Airlangga: Produk Tekstil RI Bebas Tarif Impor di AS, 20 Juta Masyarakat Indonesia Diuntungkan
Poin Penting
|
JAKARTA, investortrust.id – Menko Perekonomian, Airlangga Hartarto menjelaskan, produk tekstil dan pakaian jadi Indonesia akan dibebaskan atau dikenai tarif impor 0% di Amerika Serikat (AS). Kebijakan itu akan menguntungkan 20 juta masyarakat Indonesia.
“Ini memberikan manfaat bagi 4 juta pekerja di sektor tekstil dan produk tekstil (TPT). Kalau kita hitung dengan keluarga, ini sangat berpengaruh terhadap 20 juta masyarakat Indonesia,” kata Airlangga dalam konferensi pers yang dipantau secara daring, Jumat (20/2/2026) waktu Indonesia.
Menurut Airlangga, pasar tekstil dan pakaian jadi AS memiliki potensi besar. "Ukurannya 28 kali pasar Indonesia. Jadi, akses ke pasar AS merupakan hal yang baik,” ujar dia.
Baca Juga
Pasal 6.3 Agreement on Reciprocal Trade (ART) mengenai tekstil menyebutkan, AS berkomitmen membuat mekanisme yang memungkinkan produk tekstil dan pakaian jadi tertentu dari Indonesia memperoleh tarif timbal balik sebesar 0%. Melalui mekanisme ini, sejumlah volume tertentu dari impor tekstil dan pakaian jadi asal Indonesia dapat masuk ke AS dengan tarif lebih rendah.

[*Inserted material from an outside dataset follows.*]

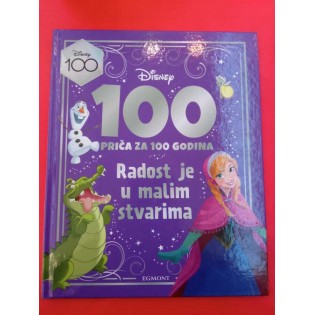 Disney: 100 priča za 100 godina - Radost je u malim stvarima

“Namun, volume tersebut akan ditentukan berdasarkan jumlah ekspor tekstil dan bahan baku dari AS, misalnya kapas yang diproduksi di AS dan bahan baku tekstil serat buatan AS, yang digunakan sebagai input dalam produksi tekstil,” jelas aturan tersebut.
Airlangga mengungkapkan, Indonesia berencana memperluas industri tekstil dan pakaian jadi. Pemerintah akan menargetkan kenaikan ekspor produk tekstil dan pakaian jadi dari US$ 4 miliar menjadi US$ 40 miliar dalam 10 tahun.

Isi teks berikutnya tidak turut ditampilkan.